メイストームは春に発生する嵐のような天候を示しています。
いわゆる『春の嵐』です。

春は暖かくなり穏やかな天気のイメージがありますが
日本では昔から『春に三日の晴れなし』などと言うことわざがあるように
天候が安定しないのが春の特徴です。

その中でも特に4月下旬から5月に発生する低気圧の影響を受けて
急速に天候が悪化する現象をメイストームと呼んでいます。

メイストームの由来と語源

メイストームの語源になる出来事が発生したのは1954年5月9日です。
低気圧の急速な発達によって日本海を操業中の漁船が多数遭難した事故が発生しました。

5月9日に988hPaだった気圧が、翌日の10日には952hPaと
わずか1日で約36hPaも発達し北海道周辺の海域で風速30メートルの暴風となりました。
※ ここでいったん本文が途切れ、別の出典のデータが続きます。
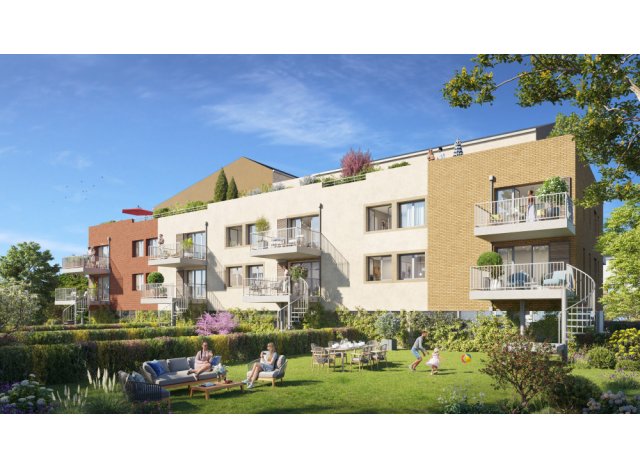 Investissement locatif  Saint-Jean-de-la-Ruelle : programme immobilier neuf pour investir Confidences (appartements)  Orléans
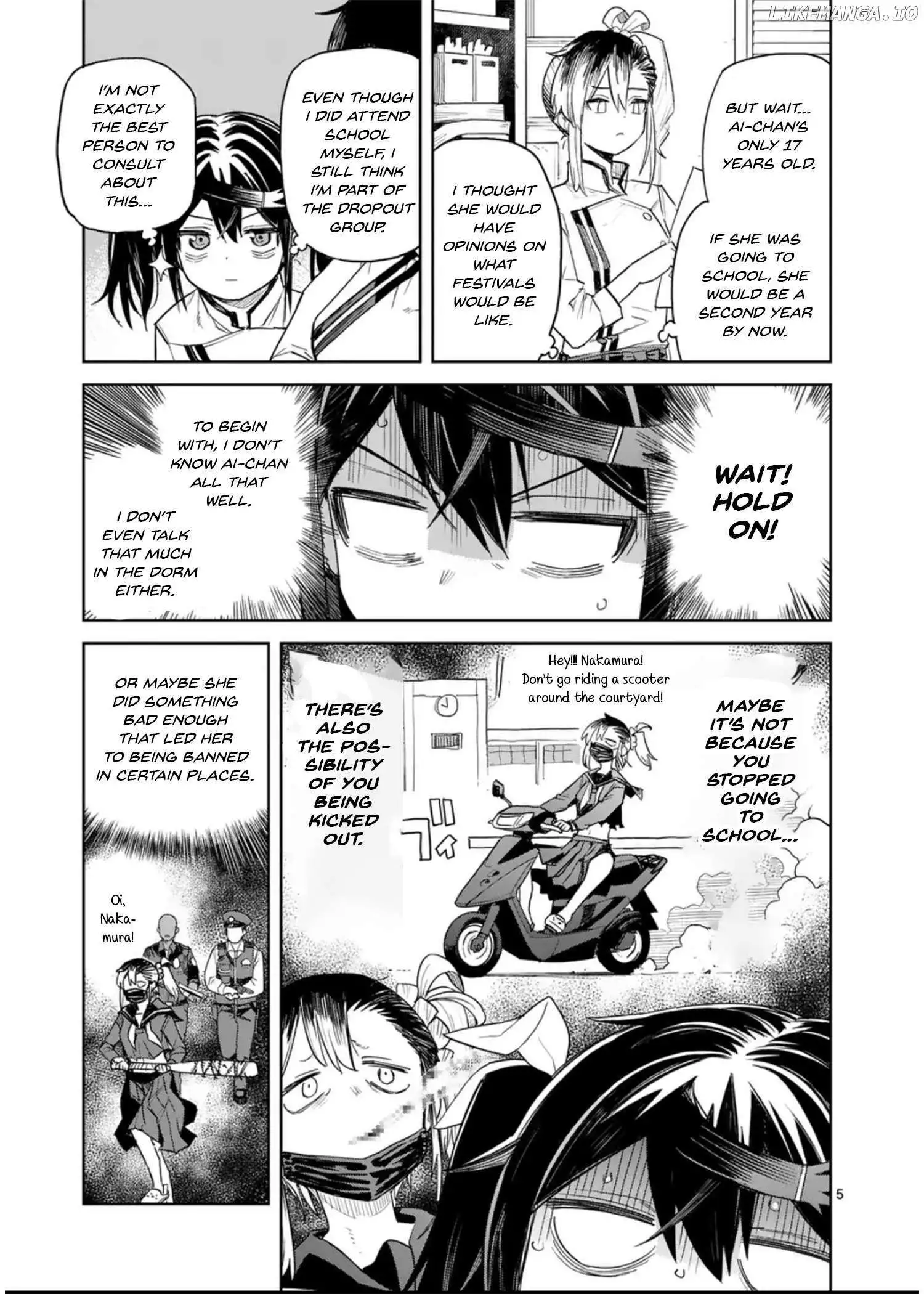 Pan Wo Nameruna! Chapter 9 page 6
この風で操業中だった漁船が被害を受け361人もの尊い命が奪われました。

この気象現象の発生から春のこの時期には低気圧の発達に注意を促すため
メイストームと言う言葉を使用したのが始まりです。

『春の嵐』を英語で表現しメイストーム(maystorm)と名付けられた和製英語です。

メイストームの発生メカニズムと特徴

ではメイストームが発生するメカニズムと、その特徴を確認しましょう。

発生メカニズム

ほとんどのケースで日本海上で低気圧の発達が見られます。
以下は2016年(平成28年)4月17日15時の天気図です。

メイストームの参考天気図
太平洋上では高気圧とともに比較的温かい暖気が押し寄せてきます。
この暖気が低気圧に向かって吹き込んでくるのですが、
まだ春先で大陸からの高気圧の影響で上空に寒気が張り出しているため
海面付近と上空の気温差が大きくなり、低気圧が発達しやすくなります。

黄海付近で発生した温帯低気圧が、この寒気と暖気の影響を受けて
急速に発達しながら日本海を北東に進んで行きます。

寒気と暖気がぶつかり合っているため前線を伴う場合があり
前線付近では風に加えて雨や吹雪になる場合もあります。

前線が通過すると気温が急激に低下します。

メイストームの特徴

  • 急激な天候の悪化がある(暴風雨を伴う)
  • 比較的広範囲で影響が出る
  • 天候悪化後は急激に回復する

メイストームにはだいたいこんな特徴があります。
少し詳しく見てみましょう。

まずは急激な天候の悪化です。
特に風が強くなる傾向があり、強風注意報・暴風警報が発令されます。

竜巻注意情報が出る場合もあります。

また日本各地で風の影響が出るなど、広範囲で影響が出ます。

しかしながら、低気圧の速度が速いため低気圧が離れて行くと
天候は一気に良くなります。

上記天気図の4月17日は
富山県泊市:38.7メートル(午前11時ころ)
石川県金沢市:37.5メートル(午前11時40分ころ)
千葉県千葉市:36.3メートル(午後2時半ころ)
などで暴風が観測されています。

関東の都心部では倒木や看板の落下が相次ぎ
強風の為、鉄道が一時運転を見合わせるなど交通機関への影響も出ていました。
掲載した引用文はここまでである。